Should the word "Chicken" occur in a line of the records, copy that line.
____ Records for the task
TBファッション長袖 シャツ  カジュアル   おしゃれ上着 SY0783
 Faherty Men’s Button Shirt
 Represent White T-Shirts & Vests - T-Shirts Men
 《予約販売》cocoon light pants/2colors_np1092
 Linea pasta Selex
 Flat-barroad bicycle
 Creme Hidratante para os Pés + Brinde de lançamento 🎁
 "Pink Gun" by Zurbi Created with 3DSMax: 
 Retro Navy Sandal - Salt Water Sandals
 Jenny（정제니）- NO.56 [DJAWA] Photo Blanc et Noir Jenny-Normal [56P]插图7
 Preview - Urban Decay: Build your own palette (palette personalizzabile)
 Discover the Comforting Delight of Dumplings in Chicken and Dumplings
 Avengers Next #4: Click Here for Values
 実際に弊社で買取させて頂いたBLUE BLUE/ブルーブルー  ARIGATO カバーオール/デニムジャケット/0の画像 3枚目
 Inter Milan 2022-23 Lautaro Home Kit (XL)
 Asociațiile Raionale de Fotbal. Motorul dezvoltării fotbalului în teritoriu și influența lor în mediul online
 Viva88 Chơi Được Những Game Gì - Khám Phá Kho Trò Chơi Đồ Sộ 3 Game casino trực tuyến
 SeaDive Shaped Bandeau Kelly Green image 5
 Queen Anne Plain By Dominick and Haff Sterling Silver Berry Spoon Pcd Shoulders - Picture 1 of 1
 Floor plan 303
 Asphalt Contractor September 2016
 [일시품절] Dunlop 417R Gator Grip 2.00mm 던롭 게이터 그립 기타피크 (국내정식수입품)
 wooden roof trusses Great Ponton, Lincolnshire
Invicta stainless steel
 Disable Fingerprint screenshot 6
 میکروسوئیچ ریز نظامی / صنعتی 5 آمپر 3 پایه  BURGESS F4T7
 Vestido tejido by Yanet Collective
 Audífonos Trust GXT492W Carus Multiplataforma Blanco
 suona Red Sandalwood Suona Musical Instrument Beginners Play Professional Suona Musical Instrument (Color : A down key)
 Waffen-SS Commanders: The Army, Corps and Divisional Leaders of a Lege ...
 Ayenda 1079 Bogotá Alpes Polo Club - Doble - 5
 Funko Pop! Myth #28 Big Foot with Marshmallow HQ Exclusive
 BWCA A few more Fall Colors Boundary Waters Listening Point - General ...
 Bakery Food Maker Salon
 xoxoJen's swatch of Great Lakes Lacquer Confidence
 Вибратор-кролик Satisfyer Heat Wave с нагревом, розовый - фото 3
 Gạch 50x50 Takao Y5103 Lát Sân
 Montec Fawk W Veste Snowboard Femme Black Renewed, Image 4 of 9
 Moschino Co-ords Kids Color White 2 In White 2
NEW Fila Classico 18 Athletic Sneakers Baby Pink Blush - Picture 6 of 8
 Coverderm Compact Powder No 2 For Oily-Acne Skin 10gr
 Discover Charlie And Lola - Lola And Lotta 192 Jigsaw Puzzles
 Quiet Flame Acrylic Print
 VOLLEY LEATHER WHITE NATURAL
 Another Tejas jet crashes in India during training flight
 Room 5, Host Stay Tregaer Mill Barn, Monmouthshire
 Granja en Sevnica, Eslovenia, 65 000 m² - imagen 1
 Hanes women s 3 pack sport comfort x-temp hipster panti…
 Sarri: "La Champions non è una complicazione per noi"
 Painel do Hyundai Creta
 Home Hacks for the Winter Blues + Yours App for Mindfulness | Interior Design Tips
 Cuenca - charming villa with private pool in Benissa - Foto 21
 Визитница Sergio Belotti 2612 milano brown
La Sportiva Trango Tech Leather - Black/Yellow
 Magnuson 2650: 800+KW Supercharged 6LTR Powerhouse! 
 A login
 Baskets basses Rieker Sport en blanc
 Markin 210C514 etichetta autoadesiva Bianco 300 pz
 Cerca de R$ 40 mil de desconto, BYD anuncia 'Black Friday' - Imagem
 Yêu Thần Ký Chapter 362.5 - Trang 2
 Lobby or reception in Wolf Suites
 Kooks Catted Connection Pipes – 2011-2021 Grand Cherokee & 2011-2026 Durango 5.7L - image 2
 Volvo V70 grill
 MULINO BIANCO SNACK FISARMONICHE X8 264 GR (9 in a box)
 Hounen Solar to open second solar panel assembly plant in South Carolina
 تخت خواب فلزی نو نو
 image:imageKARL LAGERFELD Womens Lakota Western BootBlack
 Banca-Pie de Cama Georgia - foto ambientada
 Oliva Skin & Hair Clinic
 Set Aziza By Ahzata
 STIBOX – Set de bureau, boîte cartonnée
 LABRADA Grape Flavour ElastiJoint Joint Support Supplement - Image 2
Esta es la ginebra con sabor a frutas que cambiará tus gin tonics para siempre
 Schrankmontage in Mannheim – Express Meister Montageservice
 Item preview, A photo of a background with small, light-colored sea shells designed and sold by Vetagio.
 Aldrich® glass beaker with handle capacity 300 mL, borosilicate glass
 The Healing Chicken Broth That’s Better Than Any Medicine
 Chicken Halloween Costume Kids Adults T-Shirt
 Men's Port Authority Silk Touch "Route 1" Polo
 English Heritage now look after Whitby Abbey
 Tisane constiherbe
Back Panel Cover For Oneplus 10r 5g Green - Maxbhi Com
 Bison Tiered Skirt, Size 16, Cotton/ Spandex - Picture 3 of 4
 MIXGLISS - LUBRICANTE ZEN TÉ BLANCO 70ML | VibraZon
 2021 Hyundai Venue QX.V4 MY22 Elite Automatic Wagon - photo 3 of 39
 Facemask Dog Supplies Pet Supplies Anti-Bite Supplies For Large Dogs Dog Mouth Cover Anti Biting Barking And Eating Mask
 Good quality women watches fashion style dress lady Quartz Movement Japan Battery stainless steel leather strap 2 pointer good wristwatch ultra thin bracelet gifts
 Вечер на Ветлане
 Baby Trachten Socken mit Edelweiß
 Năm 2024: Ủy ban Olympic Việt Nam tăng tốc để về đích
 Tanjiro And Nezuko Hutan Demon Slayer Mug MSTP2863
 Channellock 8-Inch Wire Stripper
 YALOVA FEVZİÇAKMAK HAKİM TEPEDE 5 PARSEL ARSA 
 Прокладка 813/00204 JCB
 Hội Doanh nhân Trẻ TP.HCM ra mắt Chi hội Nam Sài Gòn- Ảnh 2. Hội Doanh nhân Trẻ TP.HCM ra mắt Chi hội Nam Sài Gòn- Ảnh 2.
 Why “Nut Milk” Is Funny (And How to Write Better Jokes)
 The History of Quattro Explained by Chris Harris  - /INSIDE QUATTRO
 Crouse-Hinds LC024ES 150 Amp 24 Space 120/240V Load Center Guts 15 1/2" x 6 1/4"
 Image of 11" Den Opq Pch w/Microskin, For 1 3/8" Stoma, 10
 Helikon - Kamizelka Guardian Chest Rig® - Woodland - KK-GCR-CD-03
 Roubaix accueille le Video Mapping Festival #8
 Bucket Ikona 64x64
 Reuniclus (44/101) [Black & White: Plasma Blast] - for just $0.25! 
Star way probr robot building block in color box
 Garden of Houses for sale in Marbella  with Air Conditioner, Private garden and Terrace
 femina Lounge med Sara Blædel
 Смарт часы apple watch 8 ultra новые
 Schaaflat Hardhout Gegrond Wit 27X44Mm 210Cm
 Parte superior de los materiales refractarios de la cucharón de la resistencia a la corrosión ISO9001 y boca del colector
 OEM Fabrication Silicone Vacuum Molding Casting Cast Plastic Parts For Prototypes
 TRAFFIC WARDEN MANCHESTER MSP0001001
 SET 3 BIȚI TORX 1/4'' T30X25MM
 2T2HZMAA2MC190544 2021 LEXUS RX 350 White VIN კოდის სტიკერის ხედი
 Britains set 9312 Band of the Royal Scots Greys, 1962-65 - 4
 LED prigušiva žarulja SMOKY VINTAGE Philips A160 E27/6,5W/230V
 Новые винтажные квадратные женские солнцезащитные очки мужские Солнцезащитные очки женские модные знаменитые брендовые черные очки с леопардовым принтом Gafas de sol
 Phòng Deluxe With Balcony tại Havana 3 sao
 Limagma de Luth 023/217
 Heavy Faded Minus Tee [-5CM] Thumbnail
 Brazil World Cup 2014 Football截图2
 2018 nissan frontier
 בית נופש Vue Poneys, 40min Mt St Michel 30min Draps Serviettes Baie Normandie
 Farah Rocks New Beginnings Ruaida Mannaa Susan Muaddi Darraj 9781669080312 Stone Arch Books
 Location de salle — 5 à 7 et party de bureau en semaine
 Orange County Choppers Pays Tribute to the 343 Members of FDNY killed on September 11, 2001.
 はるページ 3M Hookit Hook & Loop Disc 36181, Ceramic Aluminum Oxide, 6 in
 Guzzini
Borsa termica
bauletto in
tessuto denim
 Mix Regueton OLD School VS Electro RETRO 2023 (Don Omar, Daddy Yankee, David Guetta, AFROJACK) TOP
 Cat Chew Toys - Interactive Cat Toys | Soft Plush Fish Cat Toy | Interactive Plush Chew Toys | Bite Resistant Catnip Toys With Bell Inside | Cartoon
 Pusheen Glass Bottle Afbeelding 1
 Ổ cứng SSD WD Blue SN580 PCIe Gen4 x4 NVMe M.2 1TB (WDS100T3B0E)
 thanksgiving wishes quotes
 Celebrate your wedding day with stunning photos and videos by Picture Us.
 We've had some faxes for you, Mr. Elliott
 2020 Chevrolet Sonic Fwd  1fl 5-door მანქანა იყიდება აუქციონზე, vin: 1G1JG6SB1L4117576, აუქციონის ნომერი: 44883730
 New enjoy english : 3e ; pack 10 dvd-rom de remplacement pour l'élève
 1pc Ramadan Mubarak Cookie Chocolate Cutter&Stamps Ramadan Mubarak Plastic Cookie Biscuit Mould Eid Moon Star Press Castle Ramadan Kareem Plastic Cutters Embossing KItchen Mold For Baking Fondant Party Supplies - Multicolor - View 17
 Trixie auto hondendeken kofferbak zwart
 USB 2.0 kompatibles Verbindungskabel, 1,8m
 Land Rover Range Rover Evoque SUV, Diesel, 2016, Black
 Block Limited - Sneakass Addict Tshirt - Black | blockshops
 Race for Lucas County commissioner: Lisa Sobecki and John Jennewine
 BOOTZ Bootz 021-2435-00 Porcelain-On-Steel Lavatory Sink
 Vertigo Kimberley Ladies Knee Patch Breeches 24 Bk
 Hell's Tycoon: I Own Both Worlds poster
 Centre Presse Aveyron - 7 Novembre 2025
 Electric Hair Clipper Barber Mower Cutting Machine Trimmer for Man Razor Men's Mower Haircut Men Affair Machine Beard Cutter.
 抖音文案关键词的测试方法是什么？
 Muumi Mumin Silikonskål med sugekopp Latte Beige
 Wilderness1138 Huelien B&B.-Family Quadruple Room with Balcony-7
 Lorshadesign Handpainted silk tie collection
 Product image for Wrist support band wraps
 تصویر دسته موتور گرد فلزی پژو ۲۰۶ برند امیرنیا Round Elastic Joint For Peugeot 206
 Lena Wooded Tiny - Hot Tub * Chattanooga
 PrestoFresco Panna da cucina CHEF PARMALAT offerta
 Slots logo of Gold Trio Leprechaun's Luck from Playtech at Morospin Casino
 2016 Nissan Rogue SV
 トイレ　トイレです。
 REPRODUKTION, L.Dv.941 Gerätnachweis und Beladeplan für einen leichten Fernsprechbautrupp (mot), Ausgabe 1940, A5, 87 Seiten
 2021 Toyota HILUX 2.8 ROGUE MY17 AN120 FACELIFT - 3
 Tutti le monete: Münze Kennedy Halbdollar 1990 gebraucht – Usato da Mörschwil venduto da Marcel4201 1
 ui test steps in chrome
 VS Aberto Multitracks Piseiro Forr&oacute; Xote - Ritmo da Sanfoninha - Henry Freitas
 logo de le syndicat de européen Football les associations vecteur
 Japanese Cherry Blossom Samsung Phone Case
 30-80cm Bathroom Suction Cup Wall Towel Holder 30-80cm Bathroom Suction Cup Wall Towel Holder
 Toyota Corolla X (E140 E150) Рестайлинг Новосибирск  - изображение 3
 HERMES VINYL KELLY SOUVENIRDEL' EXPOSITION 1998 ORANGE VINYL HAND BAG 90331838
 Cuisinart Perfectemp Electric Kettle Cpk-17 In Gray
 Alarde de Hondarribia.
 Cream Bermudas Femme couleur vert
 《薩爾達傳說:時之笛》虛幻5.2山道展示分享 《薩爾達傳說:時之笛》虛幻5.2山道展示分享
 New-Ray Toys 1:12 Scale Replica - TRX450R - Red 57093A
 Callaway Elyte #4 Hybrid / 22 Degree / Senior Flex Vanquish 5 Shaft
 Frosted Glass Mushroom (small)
________
== Solved problem ==
 Discover the Comforting Delight of Dumplings in Chicken and Dumplings
 The Healing Chicken Broth That’s Better Than Any Medicine
 Chicken Halloween Costume Kids Adults T-Shirt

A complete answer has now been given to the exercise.